Through the analysis of the data of college students’ ideological and mental health support services in the results in Figure 7, it can be found that, under the star continuous analysis model of fuzzy cluster analysis algorithm, the data error degree of the experimental group and the control group will show strong disturbing characteristics with the internal correlation, and its internal data coupling error strategy will also have low-level discrete driving representation. Therefore, the accuracy of the result correlation is very high, while the deviation of the result correlation of the control group is very obvious [26]. Then we can know that, in the process of practical application, we need to combine the deviation of active participation of different types of college students’ ideological and mental health support services to realize its quantitative evaluation and reliability disposal.
5. Conclusion
At present, there are some problems in the active participation of college students in ideological and mental health support services in China, such as low attention, low participation, and high data redundancy. Based on this, this paper studies the active participation of college students’ ideological and mental health support service based on fuzzy cluster analysis algorithm.

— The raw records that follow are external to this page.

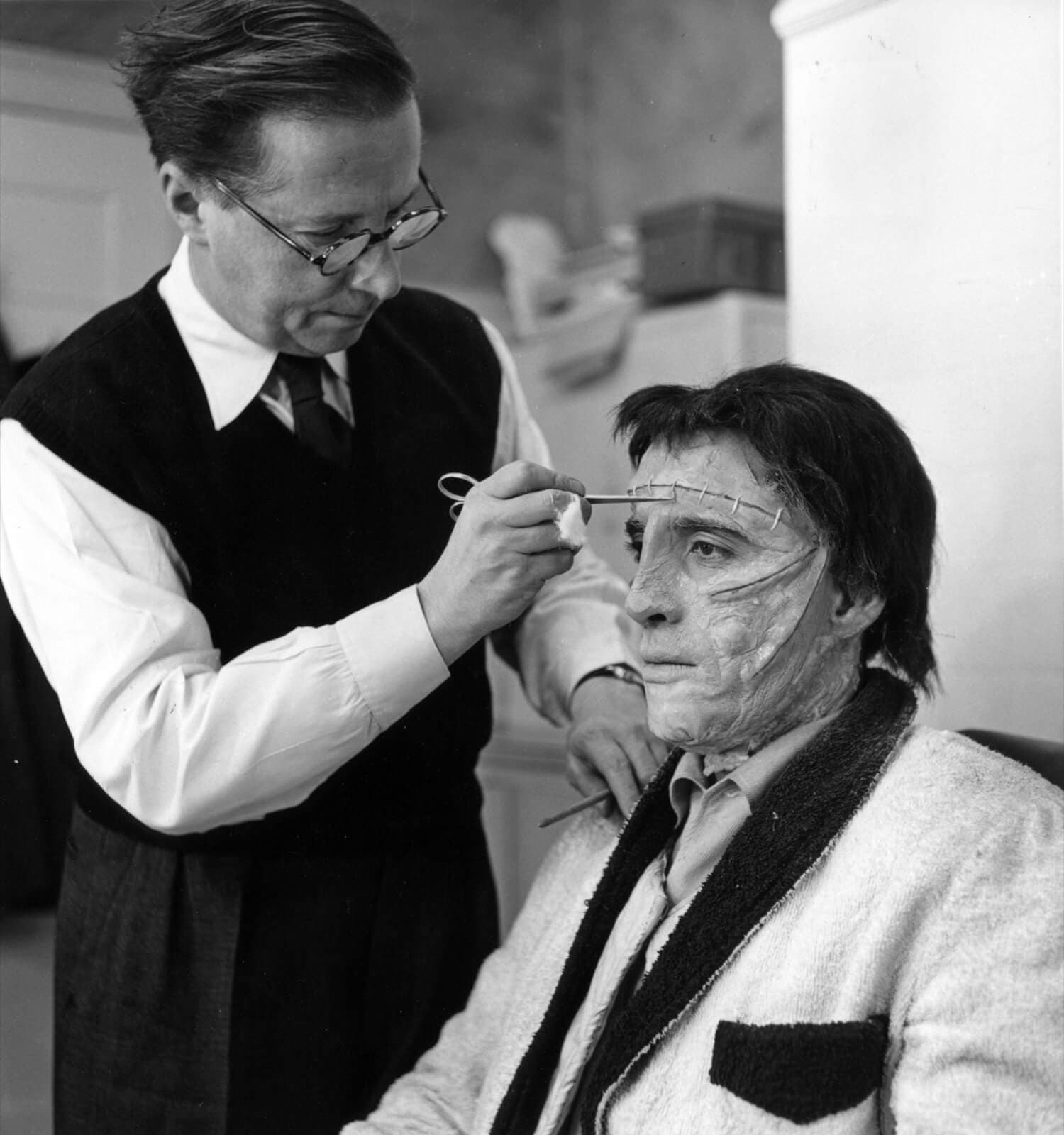Make-up artist, Phil Leakey, prepares Frankenstein for his appearance in The Curse of Frankenstein, 1957.
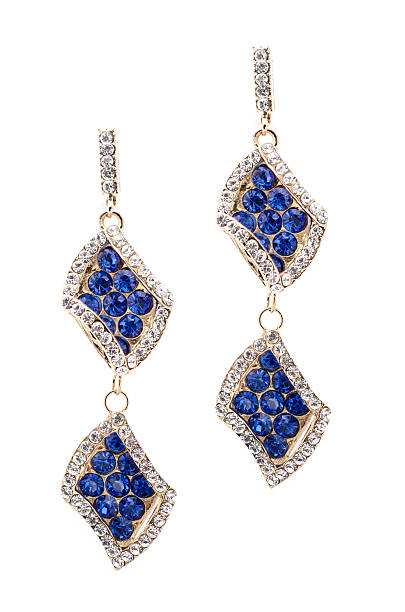istock Gold earrings inlaid with  gemstones on a white background 610432886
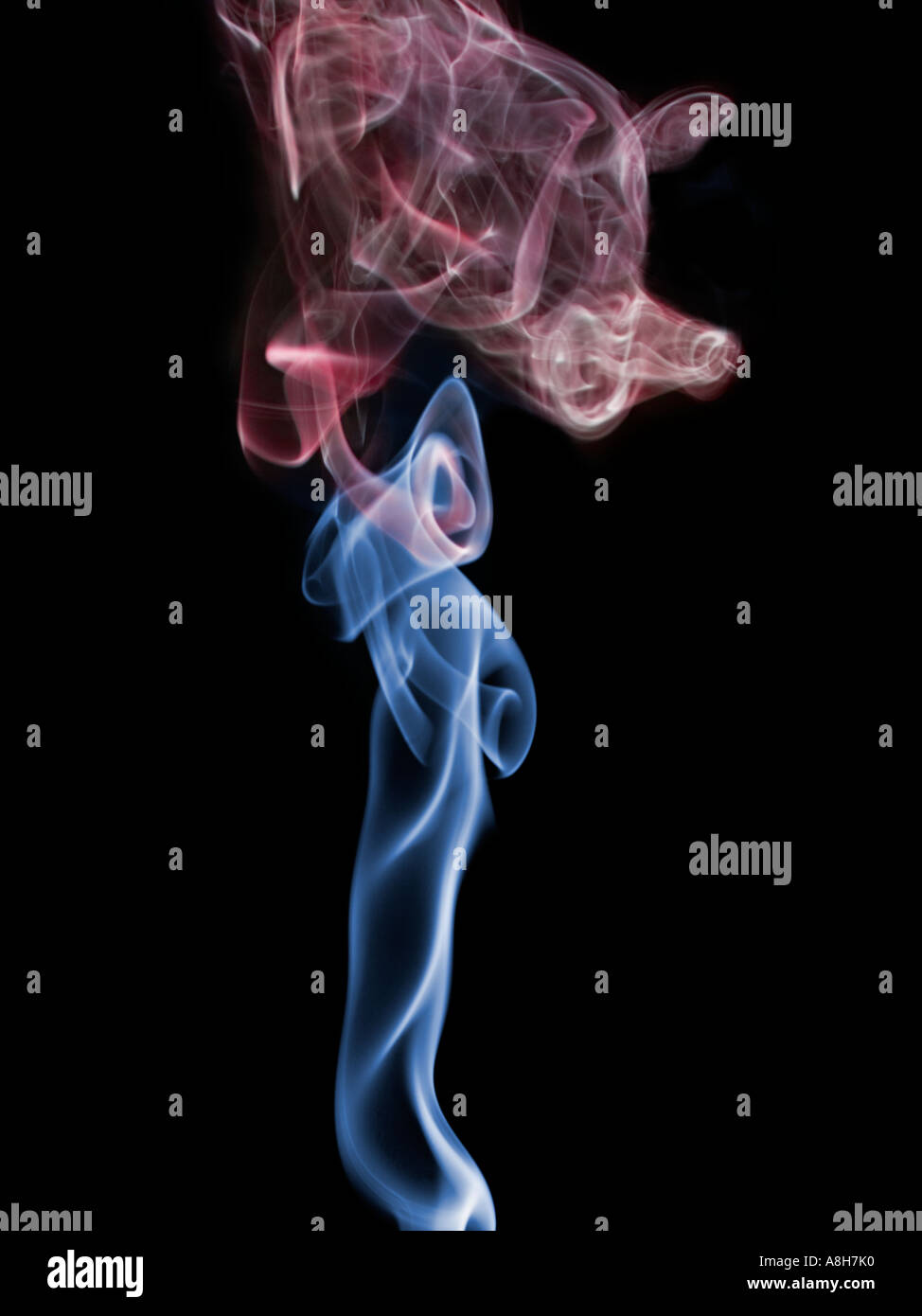 Colorized incense smoke trails on a black background Stock Photo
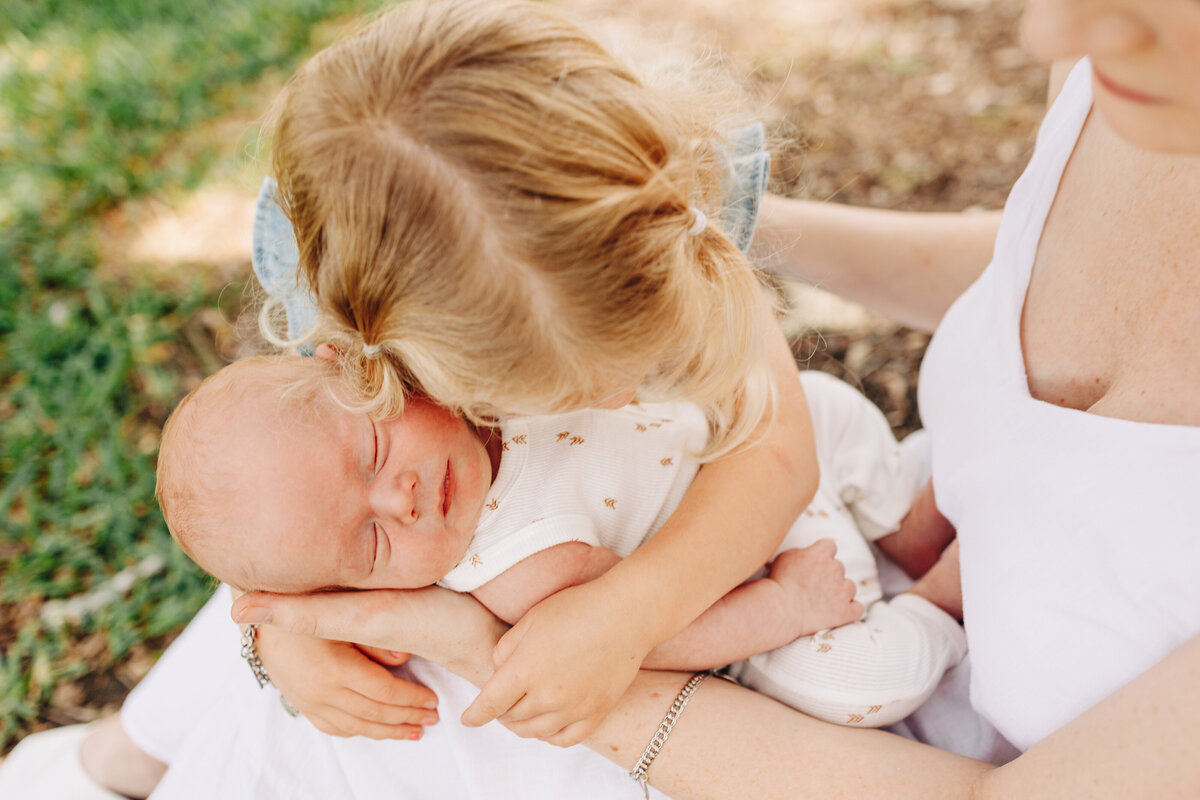 little girl hugging her baby brother taken by a Houston newborn photographer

Compared with the disadvantages of the current mainstream discrete optimization analysis models on mental health (such as high-dimensional enterprise model, Dajiaweikang model, and short-range group control model), which need to set the known data gradient interval, this paper creatively adopts the fuzzy cluster analysis algorithm, based on the characteristics of different types of college students’ ideological and mental health problems, combined with the improved star discrete analysis model, this paper constructs the active participatory evaluation strategy of college students’ ideological and mental health support services. On this basis, the model can not only record and store the participatory data of ideological and mental health support for students of different grades, but also match and track different types of data based on special framework conditions, so as to achieve numerical normal analysis and directional matching for the data coupling mode of college students’ ideological and mental health support services. On the other hand, the Planck constant factor is used to classify different types of ideological and psychological factor data, and combined with the idea of fuzzy clustering, the hierarchical analysis and quantitative calibration of different types of data groups are realized, so as to improve the reliability and authenticity of the active participation in college students’ mental health support services. However, this study only studies the initiative of college students’ ideological and mental health support services and does not analyze it from the perspective of passivity and relevance of different types of data groups. Therefore, more in-depth research can be carried out.
Data Availability
The figures used to support the findings of this study are included in the article.
Conflicts of Interest
The author declares that there are no conflicts of interest.
Acknowledgments
The author would like to show sincere thanks to those technicians who have contributed to this research.